Date: 28 May 2019
Time: 10.00 am - 11.30 am
Venue: ISEAS Seminar Room 2
About the Seminar
Amid slowing global growth, weaker external demand, and rising protectionism, the near-term prospects for the ASEAN+3 region is expected to be softer, while the longer term economic fundamentals remain intact. Regional policymakers need to stand ready to mitigate the downside risks by using the available policy tools flexibly.
In this context, the ASEAN+3 Regional Economic Outlook (AREO) 2019 newly released by the ASEAN+3 Macroeconomic Research Office (AMRO) discusses the economic prospects for the 10 members of the Association of Southeast Asian Nations, and China, Hong Kong – China, Japan and Korea, and a thematic study on “Building Capacity and Connectivity for the New Economy.” The thematic part focuses on how East Asia, as one of the most dynamic emerging market regions in the world, can tackle multiple challenges related to strengthening their collective development capacity and cross-border connectivity.
The seminar, co-organized by AMRO and the ISEAS-Yusof Ishak Institute, will use the AREO 2019 as a background document and discuss the following questions: What are the key economic prospects and risks for regional growth in 2019-2020? What are the latest economic developments for Singapore? What are the drivers and challenges for ASEAN+3 to build capacity and connectivity? How can the region prepare itself to rise to the challenges of the “new economy,” sustain buoyant growth, and continue to embrace and benefit from globalization? What role can Singapore, as a regional financial center, play to facilitate this process?
About the Speaker
Hoe Ee Khor is the Chief Economist of AMRO responsible for overseeing and developing the work on macroeconomic and financial market surveillance on East Asia and on the member economies in the region. He is also a member of the senior management team responsible for setting the strategic direction and management of AMRO.
Prior to joining AMRO, Dr Khor was a Deputy Director of the Asia and Pacific Department (APD) at the International Monetary Fund (IMF), responsible for overseeing the surveillance work on six ASEAN and twelve Pacific Island countries. Dr Khor started his career as an economist at the IMF in 1981 and had worked on a wide range of economies in the Western Hemisphere as well as in the Asia and Pacific departments. He was the IMF Deputy Resident Representative in China from 1991-1993.
Dr Khor obtained his Bachelor’s Degree in Economics/Mathematics from the University of Rochester and a Ph.D. in Economics from Princeton University.
About the Discussants
Siwage Dharma Negara is Senior Fellow at the Regional Economic Studies Programme and the Indonesia Studies Programme at ISEAS-Yusof Ishak Institute. He is Coordinator for Singapore APEC Study Centre at the same institute. Prior to joining ISEAS, he was an economist at the Indonesian Institute of Sciences (LIPI). He works on broad range of issues related to the Indonesian economy, with special interest on infrastructure and macroeconomic development. He has a PhD in economics from the University of Melbourne, Australia.

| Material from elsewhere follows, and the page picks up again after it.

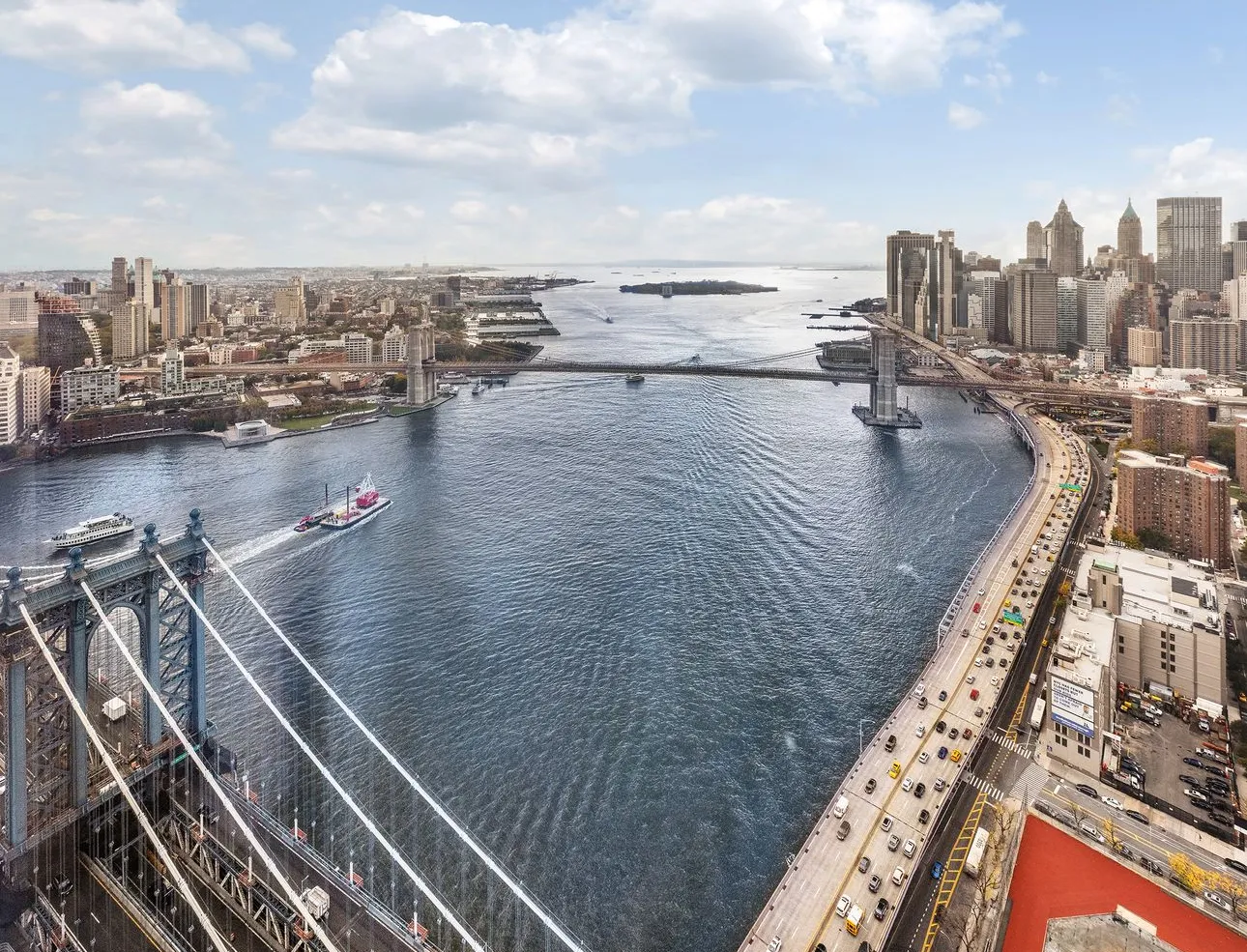 a view of a terrace with lawn chairs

Chua Hak Bin is a Senior Economist with Maybank Kim Eng, covering Singapore and ASEAN macro themes. He was formerly a Consultant at GIC, and Head of Emerging Asia and ASEAN Economics at Bank of America Merrill Lynch for about six years. Dr Chua has also worked as a Strategist and Economist at Citigroup, Deutsche Private Wealth Management, DBS Bank and RHB Bank. Prior to joining the private sector, Dr Chua was with the Monetary Authority of Singapore (MAS) for about six years, heading the external economies, financial surveillance and planning, policy and communications divisions. In Kuala Lumpur, he was overseeing corporate finance for a listed property, construction and plantation company.
Dr Chua holds a PhD in Economics from Harvard University, and a Bachelor of Science in Engineering and a Bachelor of Arts in Economics from Brown University. He was a Visiting Lecturer in International Economics at Yale University for a year after completing his PhD.